En revanche il retient l’homicide volontaire : au moment où elle a frappé, puisqu’elle reconnaît avoir frappé, Hui a bien eu l’intention de tuer. « Quand on donne des coups à la tête, ce n’est pas pour se défendre, on est quasiment certain du résultat. » Et il fournit aussi un mobile : Hui protègeait son propre fils de deux ans, Yino.

« Elle n’a qu’un seul phare dans sa vie, dans cette nuit, c’est son gamin, c’est Yino. Et tout y passera, tout ! S’il faut tuer deux personnes, on tuera deux personnes, s’il faut découper, on les découpera, s’il faut enterrer, on enterrera. C’est Yino, Yino, Yino ! S’il faut l’emmener en Chine on le fera. Et après, il faut sauver sa peau. Pas pour elle, je ne crois pas, mais pour son fils, oui. »

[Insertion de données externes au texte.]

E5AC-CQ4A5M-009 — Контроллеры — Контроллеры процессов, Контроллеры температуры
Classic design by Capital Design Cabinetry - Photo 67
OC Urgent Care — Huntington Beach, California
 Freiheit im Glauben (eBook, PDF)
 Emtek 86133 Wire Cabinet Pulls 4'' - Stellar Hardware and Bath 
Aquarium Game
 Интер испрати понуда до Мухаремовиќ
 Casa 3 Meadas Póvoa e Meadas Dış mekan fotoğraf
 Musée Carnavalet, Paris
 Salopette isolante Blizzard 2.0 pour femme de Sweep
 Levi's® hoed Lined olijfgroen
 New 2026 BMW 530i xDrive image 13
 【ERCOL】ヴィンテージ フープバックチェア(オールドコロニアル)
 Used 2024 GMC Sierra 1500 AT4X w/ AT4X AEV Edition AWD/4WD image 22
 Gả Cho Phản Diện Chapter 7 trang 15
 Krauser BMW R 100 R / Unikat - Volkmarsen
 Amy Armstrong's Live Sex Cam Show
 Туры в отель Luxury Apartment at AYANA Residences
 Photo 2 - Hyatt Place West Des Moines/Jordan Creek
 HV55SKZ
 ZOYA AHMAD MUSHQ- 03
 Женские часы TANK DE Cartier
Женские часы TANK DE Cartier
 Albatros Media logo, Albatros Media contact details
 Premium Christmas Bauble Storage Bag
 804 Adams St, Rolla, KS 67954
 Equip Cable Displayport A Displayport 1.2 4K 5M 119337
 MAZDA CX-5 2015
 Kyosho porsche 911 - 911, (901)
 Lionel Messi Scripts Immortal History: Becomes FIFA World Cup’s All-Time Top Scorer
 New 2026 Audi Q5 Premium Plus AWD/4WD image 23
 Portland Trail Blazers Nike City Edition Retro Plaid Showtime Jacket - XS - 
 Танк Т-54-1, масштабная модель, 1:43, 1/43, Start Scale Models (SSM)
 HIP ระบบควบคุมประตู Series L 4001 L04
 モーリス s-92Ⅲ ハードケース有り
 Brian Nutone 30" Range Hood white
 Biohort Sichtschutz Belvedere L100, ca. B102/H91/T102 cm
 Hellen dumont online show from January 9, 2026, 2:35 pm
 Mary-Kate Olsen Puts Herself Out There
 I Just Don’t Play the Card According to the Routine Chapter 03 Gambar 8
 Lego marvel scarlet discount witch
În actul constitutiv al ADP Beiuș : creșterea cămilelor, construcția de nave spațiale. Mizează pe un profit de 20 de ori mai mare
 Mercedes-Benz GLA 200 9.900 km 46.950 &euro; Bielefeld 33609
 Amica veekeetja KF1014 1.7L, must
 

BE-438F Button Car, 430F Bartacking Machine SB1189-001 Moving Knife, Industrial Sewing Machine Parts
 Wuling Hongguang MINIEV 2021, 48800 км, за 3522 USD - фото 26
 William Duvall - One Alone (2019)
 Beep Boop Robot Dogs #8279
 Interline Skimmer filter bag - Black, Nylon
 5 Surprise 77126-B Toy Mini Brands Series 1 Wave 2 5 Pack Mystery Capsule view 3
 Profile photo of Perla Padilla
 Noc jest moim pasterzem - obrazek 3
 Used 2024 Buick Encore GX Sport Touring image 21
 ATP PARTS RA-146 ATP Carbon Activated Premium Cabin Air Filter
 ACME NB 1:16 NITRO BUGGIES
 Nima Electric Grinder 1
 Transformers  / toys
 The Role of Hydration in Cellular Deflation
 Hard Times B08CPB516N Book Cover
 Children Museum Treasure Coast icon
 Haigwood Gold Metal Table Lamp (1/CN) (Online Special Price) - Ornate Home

Concernant le mari, qui nie avoir tué, qui a été gravement blessé, l’avocat général demande de ne pas entrer en voie de condamnation :

« Il ne suffit pas de dire, c’est dégueulasse donc ils sont coupables. Il faut le démontrer. Pour Te (le mari), je peux vous démontrer qu’il y a eu bagarre. La violence a-t-elle entraîné la mort ? Peut-être. Peut-être pas. Je vous dois cette démonstration. Et quand je ne peux pas faire une démonstration, je ne vais pas utiliser le sentiment. Je pense que vous rendrez la décision que je vous demanderais de prendre : de l’acquitter. »

En acquittant Te et en condamnant Hui à 20 ans de réclusion criminelle, le jury a estimé que la nounou portait l’entière responsabilité du double meurtre, et que sa réponse à l’agression par les parents du petit Lucas n’était pas proportionnée.

Le couple est par ailleurs condamné à verser 50 000 euros pour chacun des parents des deux victimes et 40 000 euros pour chacun des frères au titre du préjudice moral.

Dix jours après le jugement, le parquet et les parties n’ont pas interjeté appel. L’acquittement et la condamnation deviennent définitifs.